TASK OBJECTIVE – Repeat all the data that appears below, keeping it exact.

EXERCISE MATERIALS –
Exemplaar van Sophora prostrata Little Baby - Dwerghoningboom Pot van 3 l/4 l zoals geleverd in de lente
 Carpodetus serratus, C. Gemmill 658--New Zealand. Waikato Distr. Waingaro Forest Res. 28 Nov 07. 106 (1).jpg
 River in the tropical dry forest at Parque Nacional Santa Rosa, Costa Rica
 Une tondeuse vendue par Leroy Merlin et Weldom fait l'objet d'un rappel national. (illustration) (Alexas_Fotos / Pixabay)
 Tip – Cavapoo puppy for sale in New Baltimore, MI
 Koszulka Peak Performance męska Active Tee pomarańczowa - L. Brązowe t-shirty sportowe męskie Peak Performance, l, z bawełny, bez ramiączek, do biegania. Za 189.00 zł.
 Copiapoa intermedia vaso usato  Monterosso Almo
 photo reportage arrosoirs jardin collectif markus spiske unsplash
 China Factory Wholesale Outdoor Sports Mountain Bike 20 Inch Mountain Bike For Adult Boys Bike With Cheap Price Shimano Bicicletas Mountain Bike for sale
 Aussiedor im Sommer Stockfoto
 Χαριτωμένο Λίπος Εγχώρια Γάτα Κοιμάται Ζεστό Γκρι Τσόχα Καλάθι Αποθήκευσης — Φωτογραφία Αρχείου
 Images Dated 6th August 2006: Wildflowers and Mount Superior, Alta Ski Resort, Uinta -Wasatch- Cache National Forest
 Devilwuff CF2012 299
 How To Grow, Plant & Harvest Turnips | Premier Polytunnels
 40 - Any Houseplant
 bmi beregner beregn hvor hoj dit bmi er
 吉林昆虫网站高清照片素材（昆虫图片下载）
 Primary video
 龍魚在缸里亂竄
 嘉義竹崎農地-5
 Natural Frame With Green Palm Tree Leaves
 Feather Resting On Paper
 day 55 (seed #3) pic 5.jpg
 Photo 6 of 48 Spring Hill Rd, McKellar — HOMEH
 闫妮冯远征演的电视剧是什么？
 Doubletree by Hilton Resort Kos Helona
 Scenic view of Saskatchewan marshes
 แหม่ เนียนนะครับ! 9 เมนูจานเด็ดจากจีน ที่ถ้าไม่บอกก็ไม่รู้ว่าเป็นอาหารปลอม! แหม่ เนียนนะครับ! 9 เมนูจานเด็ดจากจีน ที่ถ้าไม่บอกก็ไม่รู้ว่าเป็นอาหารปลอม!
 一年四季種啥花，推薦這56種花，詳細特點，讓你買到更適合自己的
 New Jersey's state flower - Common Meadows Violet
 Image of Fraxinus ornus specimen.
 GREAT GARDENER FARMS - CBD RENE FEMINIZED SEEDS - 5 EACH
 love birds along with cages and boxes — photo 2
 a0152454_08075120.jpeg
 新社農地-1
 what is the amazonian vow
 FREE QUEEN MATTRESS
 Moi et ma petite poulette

EXERCISE SOLUTION –
Exemplaar van Sophora prostrata Little Baby - Dwerghoningboom Pot van 3 l/4 l zoals geleverd in de lente
 Carpodetus serratus, C. Gemmill 658--New Zealand. Waikato Distr. Waingaro Forest Res. 28 Nov 07. 106 (1).jpg
 River in the tropical dry forest at Parque Nacional Santa Rosa, Costa Rica
 Une tondeuse vendue par Leroy Merlin et Weldom fait l'objet d'un rappel national. (illustration) (Alexas_Fotos / Pixabay)
 Tip – Cavapoo puppy for sale in New Baltimore, MI
 Koszulka Peak Performance męska Active Tee pomarańczowa - L. Brązowe t-shirty sportowe męskie Peak Performance, l, z bawełny, bez ramiączek, do biegania. Za 189.00 zł.
 Copiapoa intermedia vaso usato  Monterosso Almo
 photo reportage arrosoirs jardin collectif markus spiske unsplash
 China Factory Wholesale Outdoor Sports Mountain Bike 20 Inch Mountain Bike For Adult Boys Bike With Cheap Price Shimano Bicicletas Mountain Bike for sale
 Aussiedor im Sommer Stockfoto
 Χαριτωμένο Λίπος Εγχώρια Γάτα Κοιμάται Ζεστό Γκρι Τσόχα Καλάθι Αποθήκευσης — Φωτογραφία Αρχείου
 Images Dated 6th August 2006: Wildflowers and Mount Superior, Alta Ski Resort, Uinta -Wasatch- Cache National Forest
 Devilwuff CF2012 299
 How To Grow, Plant & Harvest Turnips | Premier Polytunnels
 40 - Any Houseplant
 bmi beregner beregn hvor hoj dit bmi er
 吉林昆虫网站高清照片素材（昆虫图片下载）
 Primary video
 龍魚在缸里亂竄
 嘉義竹崎農地-5
 Natural Frame With Green Palm Tree Leaves
 Feather Resting On Paper
 day 55 (seed #3) pic 5.jpg
 Photo 6 of 48 Spring Hill Rd, McKellar — HOMEH
 闫妮冯远征演的电视剧是什么？
 Doubletree by Hilton Resort Kos Helona
 Scenic view of Saskatchewan marshes
 แหม่ เนียนนะครับ! 9 เมนูจานเด็ดจากจีน ที่ถ้าไม่บอกก็ไม่รู้ว่าเป็นอาหารปลอม! แหม่ เนียนนะครับ! 9 เมนูจานเด็ดจากจีน ที่ถ้าไม่บอกก็ไม่รู้ว่าเป็นอาหารปลอม!
 一年四季種啥花，推薦這56種花，詳細特點，讓你買到更適合自己的
 New Jersey's state flower - Common Meadows Violet
 Image of Fraxinus ornus specimen.
 GREAT GARDENER FARMS - CBD RENE FEMINIZED SEEDS - 5 EACH
 love birds along with cages and boxes — photo 2
 a0152454_08075120.jpeg
 新社農地-1
 what is the amazonian vow
 FREE QUEEN MATTRESS
 Moi et ma petite poulette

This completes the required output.